= Constables' Central Committee =

The Constables' Central Committee is one of the tripartite organisations that make up the Police Federation of England and Wales. It is the representative body for those police officers of the rank of constable, of which there are approximately 107,000 members.

== History ==
The Constables' Central Committee was founded as part of the Police Federation of England and Wales, which was set up by the Police Act 1919, following two police strikes. The Liberal government of David Lloyd George was frightened by the prospect of the police going on strike and created the Police federation of England and Wales and withdrew the right of officers in the UK to strike.

Police officers are technically not employees, but crown-appointed warrant holders. This allowed the police their unique independent status and notionally provides the citizens of the UK a protection from any government that might wish unlawfully to use the police as an instrument against them.

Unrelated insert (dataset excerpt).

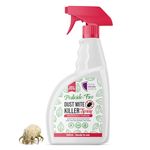 Dust Mite Killer Spray 500ml - Advanced Pesticide-Free Formula, Professional Strength for Home Use, Eco-Friendly, Effectively Targets Dust Mites and Various Insects, Safe and Powerful Pest Control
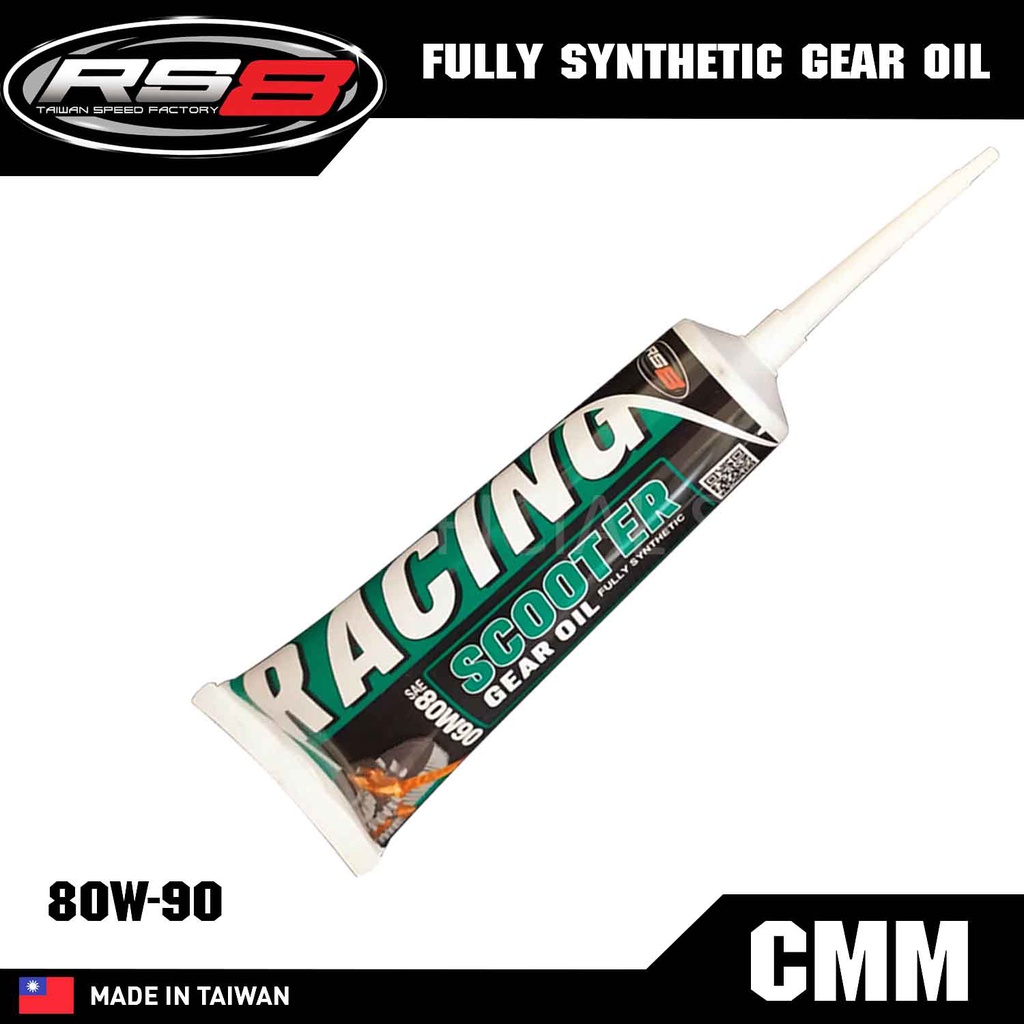 RS8 Scooter Gear Oil Fully Synthetic 120ML SAE 80W90 Shopee Philippines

The Police Federation was set up by the statute to represent the rights and interests of its members, hence its recent involvement in campaigns involving drugs and licensing hours. Many observers mistakenly equate the Police Federation with a trade union. This is an incorrect assumption as it was set up specifically by the government of the day not to be a trade union.

== Organisation ==
The Constables' Central Committee is the largest of the tripartite organisations of the Police Federation along with the Inspectors' Central Committee and the Sergeants' Central Committee. Each of the 43 police forces within England and Wales has its own federation structure based on the three branch boards based on rank. The Constables' Central Committee join the other two rank boards to meet as a Joint Board, or in the Metropolitan Police's case, as a Joint Executive.

The 43 forces are grouped into eight regions. Each of the regions send a Constable, Sergeant and Inspector to the National Body called the Joint Central Committee. Due to its size, The Metropolitan Police Federation send two officers of each rank to the Joint Central Committee.

The incumbent Chairman of the Constables' Central Committee is Julie Nesbit, who also takes the role of Constables' National Police Women's Representative. The Committee shares its HQ with the other rank boards and the Joint Central Committee, at Federation House, Leatherhead. This HQ also incorporates the federation's national training centre and hotel facility for Federation members.